I’ve known Martin as DaddyRolleda1 on twitter for over a year now, and we’ve had chats about playing TTRPG’s with kids from the start – he was one of my inspirations for starting the TTRPGkids blog, and it was an awesome opportunity to get to sit down and chat about his experiences with table top role playing games, working with Wizards of the Coast, and introducing his daughter and her friends to D&D.

Jump to:

Can you tell us a bit about yourself?

I am Martin, also known as Daddy Rolled a 1 on twitter.  I actually work in advertising, which is somewhat responsible for me getting back into role playing games more regularly.  

I do play a variety of different role playing games and board games, and go to the comic book store almost every week to buy physical, actual, comics.  That was also something that I did with my daughter every week – after her ballet lesson, I would take her by, and she became the store mascot for about 10 years.  Lately, she’s gotten a little older and doesn’t go as much anymore. 

This presences is specifically for my blog, Daddy Rolled a 1, which is to talk about some of the things that I like from my geeky hobbies growing up and me sharing them with my daughter.  When I started the blog, my daughter was about 2, so it covers [comics and TTRPG’s] and the first time I read The Hobbit to her.

I also have a few other hobbies; I’m into vinyl records and craft cocktails.  I do have a few different twitter presences that are a bit compartmentalized.    I made a separate twitter for that because I thought the overlap might be confusing if one day I’m talking about D&D and the next I’m talking about how to make a cocktail.
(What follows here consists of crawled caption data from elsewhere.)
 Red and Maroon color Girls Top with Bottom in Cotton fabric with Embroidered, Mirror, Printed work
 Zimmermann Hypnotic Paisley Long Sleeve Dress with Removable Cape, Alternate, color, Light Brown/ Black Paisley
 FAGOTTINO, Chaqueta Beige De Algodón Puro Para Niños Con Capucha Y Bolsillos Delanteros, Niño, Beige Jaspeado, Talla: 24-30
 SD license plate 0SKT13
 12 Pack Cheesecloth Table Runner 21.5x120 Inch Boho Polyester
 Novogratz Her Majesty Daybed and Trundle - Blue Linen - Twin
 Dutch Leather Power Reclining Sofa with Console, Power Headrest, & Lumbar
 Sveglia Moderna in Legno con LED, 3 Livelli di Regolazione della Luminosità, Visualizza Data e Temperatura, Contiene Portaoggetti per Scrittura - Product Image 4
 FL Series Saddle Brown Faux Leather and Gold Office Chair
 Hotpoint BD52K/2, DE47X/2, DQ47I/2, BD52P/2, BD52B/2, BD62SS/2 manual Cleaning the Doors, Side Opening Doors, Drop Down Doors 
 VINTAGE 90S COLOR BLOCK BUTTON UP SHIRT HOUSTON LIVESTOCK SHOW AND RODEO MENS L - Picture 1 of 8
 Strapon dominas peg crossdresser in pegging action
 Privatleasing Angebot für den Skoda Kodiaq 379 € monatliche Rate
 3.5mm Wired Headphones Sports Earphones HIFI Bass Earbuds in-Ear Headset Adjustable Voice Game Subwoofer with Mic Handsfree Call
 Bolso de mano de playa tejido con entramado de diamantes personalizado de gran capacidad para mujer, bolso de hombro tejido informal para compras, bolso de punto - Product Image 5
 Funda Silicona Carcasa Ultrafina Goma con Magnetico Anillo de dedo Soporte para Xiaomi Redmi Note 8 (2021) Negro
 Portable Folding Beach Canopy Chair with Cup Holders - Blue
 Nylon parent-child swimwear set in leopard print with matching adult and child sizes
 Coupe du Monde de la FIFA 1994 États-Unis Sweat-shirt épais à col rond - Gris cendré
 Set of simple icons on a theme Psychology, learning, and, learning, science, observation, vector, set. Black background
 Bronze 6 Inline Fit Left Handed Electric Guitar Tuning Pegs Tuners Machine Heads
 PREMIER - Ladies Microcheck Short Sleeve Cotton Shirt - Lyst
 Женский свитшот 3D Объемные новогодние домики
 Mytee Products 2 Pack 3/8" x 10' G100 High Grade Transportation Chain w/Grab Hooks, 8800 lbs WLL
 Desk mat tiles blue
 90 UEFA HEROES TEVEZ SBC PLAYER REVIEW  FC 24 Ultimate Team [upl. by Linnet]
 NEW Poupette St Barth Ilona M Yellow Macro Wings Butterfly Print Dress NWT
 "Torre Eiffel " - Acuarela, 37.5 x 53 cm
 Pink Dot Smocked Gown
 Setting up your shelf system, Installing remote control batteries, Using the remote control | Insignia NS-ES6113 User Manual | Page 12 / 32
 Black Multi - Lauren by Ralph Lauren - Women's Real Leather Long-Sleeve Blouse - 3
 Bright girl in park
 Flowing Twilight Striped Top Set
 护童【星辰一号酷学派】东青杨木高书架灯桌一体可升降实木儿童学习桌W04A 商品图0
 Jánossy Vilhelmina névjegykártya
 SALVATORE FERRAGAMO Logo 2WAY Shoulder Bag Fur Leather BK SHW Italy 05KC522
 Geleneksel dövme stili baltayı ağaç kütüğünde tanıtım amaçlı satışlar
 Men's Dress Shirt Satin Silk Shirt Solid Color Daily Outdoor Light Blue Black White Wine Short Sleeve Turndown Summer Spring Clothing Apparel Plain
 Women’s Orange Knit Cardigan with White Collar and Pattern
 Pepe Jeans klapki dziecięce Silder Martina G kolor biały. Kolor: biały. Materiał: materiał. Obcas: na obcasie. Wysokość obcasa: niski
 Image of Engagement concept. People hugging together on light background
In terms of professional life, I own a boutique ad agency that I started about 13 years ago while my wife was pregnant with our daughter, and I’ve been doing it ever since.  I work from home, and I hire contractors all over the world.  It’s been cool; we all work from home, we don’t have offices.  It also allows me to do things like volunteer at my daughter’s school because I can make my own schedule, which is something you can’t do in the corporate world.  I was the room parent while she was in elementary school, and it allowed me to have that involvement.  I took on those responsibilities while my wife managed her commute, and I’m super glad I was able to do that. 

Can you tell us about some of your tabletop RPG journey?

I started playing in 1981, so 40 years.  I celebrated 40 years of playing last year.  And I started with – this is the set [showing original set], which is what I always show on twitter with the box and rule book inside and everything.  These are my first set of dice, which they didn’t have the percentile dice so you’d add the d10’s.  So, I started with all that.

I was in 6th grade, and I had just moved to a new state.  I kind of met these kids; they had approached me because they saw I was reading books about Camelot and King Arthur and mythology, so they thought I might be interested in this game.  They asked if I had read The Hobbit and Lord of the Rings.  I had read The Hobbit, I was starting to read Lord of the Rings, and they sold the game to me as you’re basically playing Lord of the Rings, but you’re one of the characters… which is awesome.  Then it sort of went from there with Basic!  I even still have my original character sheet from my first character… because I don’t throw anything away.  

We quickly switched to First Edition, which at the time, was just called Advanced Dungeons and Dragons, which was completely separate from the Basic game.  Back then, almost no one understood that they were two separate games because with Basic and Advanced, you’d think that Basic was to teach you the basics and then you’d move on, but they were actually two completely different games by two different divisions in the company.  The rules were actually different.  We just took the bits and pieces from advanced that we liked and kept using the rules from Basic.  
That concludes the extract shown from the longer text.